Feynman on actual Quality "Assurance"

Feynman on actual Quality "Assurance"

I just read Richard Feynman's analysis of the space shuttle Challenger explosion from 1987. I was surprised, first because it was completely readable and understandable, and second because he has such an englightening way of looking at what went wrong - namely NASA's quality control processes at the time.

The article is well worth reading for yourself, but two insights in particular stood out for me. First, his analysis of the turbine design and testing processes, which nowadays we in software would call "big bang integration" testing. Design, build, and assemble all the parts, then test the completed unit. When it fails, try to guess what went wrong and work around it. At that late phase, you're testing the entire engine. Just the testing is expensive, and changes that would have been easier before (like redesigning the engine cavity for a different propeller shape) are so expensive and slow as to be impossible.
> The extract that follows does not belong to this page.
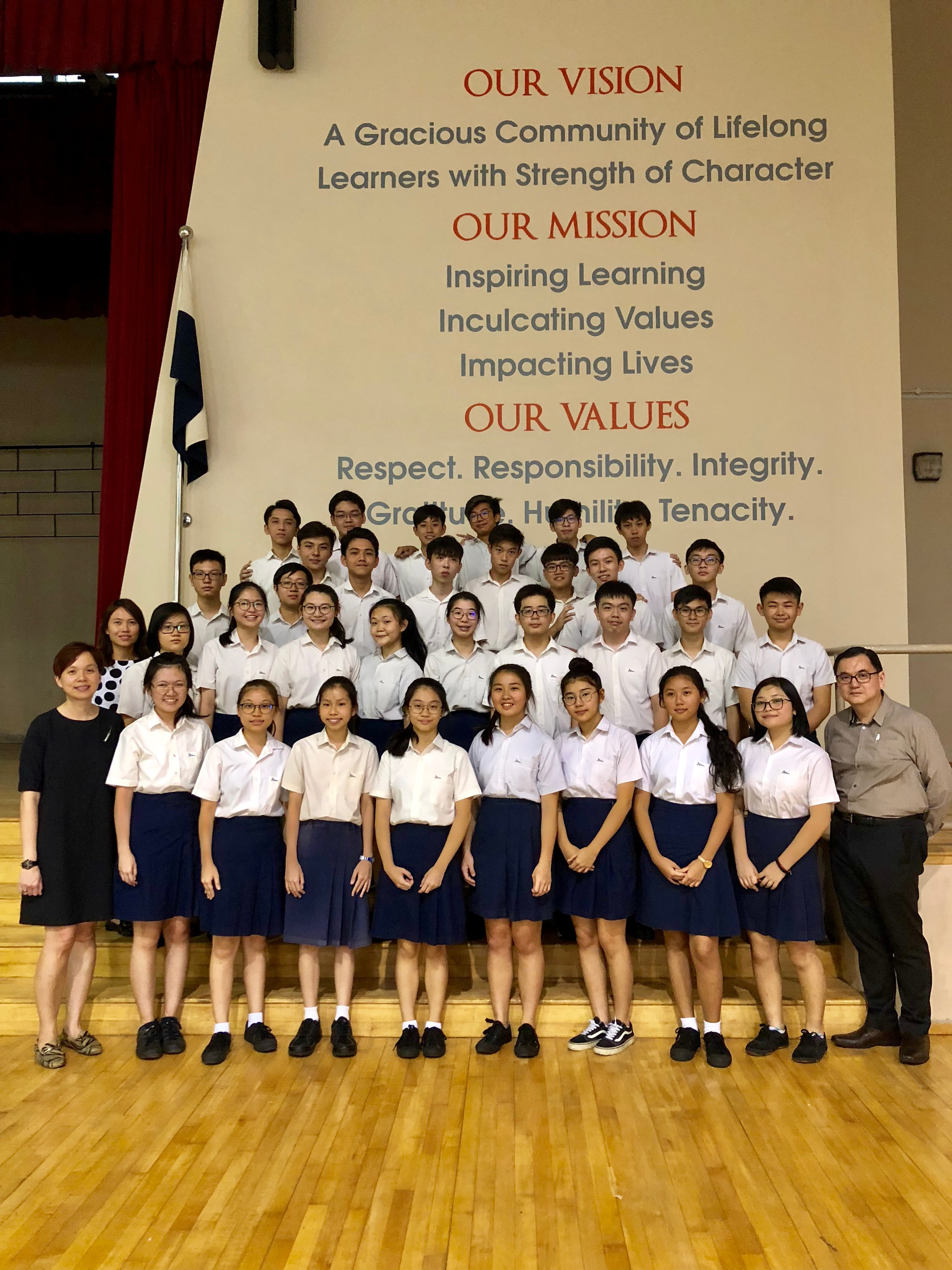 Students in white uniforms pose with two teachers in front of a school vision and mission wall display.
So the solutions implemented so late are necessarily band-aid solutions that may or may not fix the root cause - sound familiar?

Then, as the schedule slips and slips, quality requirements are slowly relaxed out of desperation. His proposed solution is to thoroughly test each component repeatedly, early on, in order to reduce the cost of finding and fixing the bugs. That reduces the number of bugs found in the later integration testing phase... sound familiar?
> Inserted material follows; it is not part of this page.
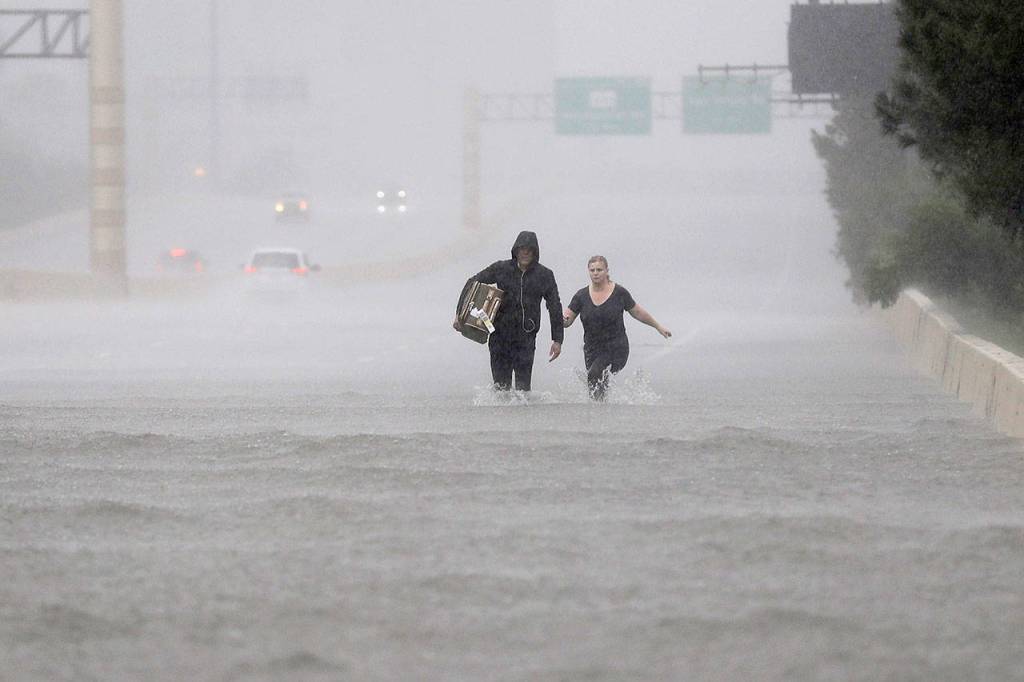 Two people walk down a flooded section of Interstate 610 in floodwaters from Tropical Storm Harvey on Sunday in Houston, Texas. (David J. Phillip / Associated Press)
He contrasts this with the way the software group did their testing. Essentially they were doing unit testing, pair programming, and rapid iterations - in 1987! at NASA! - but that's not the interesting part. What's interesting to me is the way they arranged their QA team.

Books like Peopleware talk about organizing your QA team as a group of adversaries to your development team. Their job is to cause trouble by breaking the developers' software. So far, so normal, but here's the problem: I've seen people try that, and I tried it myself. It doesn't really work. It gives the developers an excuse for bugs that don't get caught. So as you start off, the developers get lazier and lazier, test their work less, and just leave the bugs for QA to find. As it gets more adversarial, you just get more arguments as to what is and isn't a "bug." If you add cash incentives (eg. a bounty for each new bug found, and another for each bug fixed), you just get people cooperating to cheat the system by deliberately leaving easy bugs to be found and then fixed - for more bounty on both sides. As a bonus, management's metrics all improve: look how many more bugs we're finding now!

So that's how it normally gets tried and fails. But hopefully you knew that already. What's interesting is how it didn't fail at NASA.

The idea was actually very simple: the expected number of bugs found by QA should be zero. That's because developers should bloody well be capable of testing the code for themselves.

The QA department was just supposed to assure quality (hence the name!) - quality already present before it got anywhere near their department. A bug found at that phase is very serious, because it means the development processes aren't working right.

Their QA process is a test of the development process, not of the software itself. This is a really revolutionary idea - at least to me. Maybe it's supposed to be obvious. The obviousness of it was apparently lost to software developers sometime between 1987 and now.

In reality, NASA at that time had apparently documented six - six, in the history of the whole project - times that QA had found a bug. Those times were investigated and documented in detail, because each time was regarded as a critical failure of their development processes. Critical process failure warrants detailed involvement from very high-level people. Policies get changed, people get promoted, demoted, or fired. Each of those bugs resulted in changes to the development process so nothing like it would ever be able to happen again.

Is that what your QA team is like?

2007-06-26 »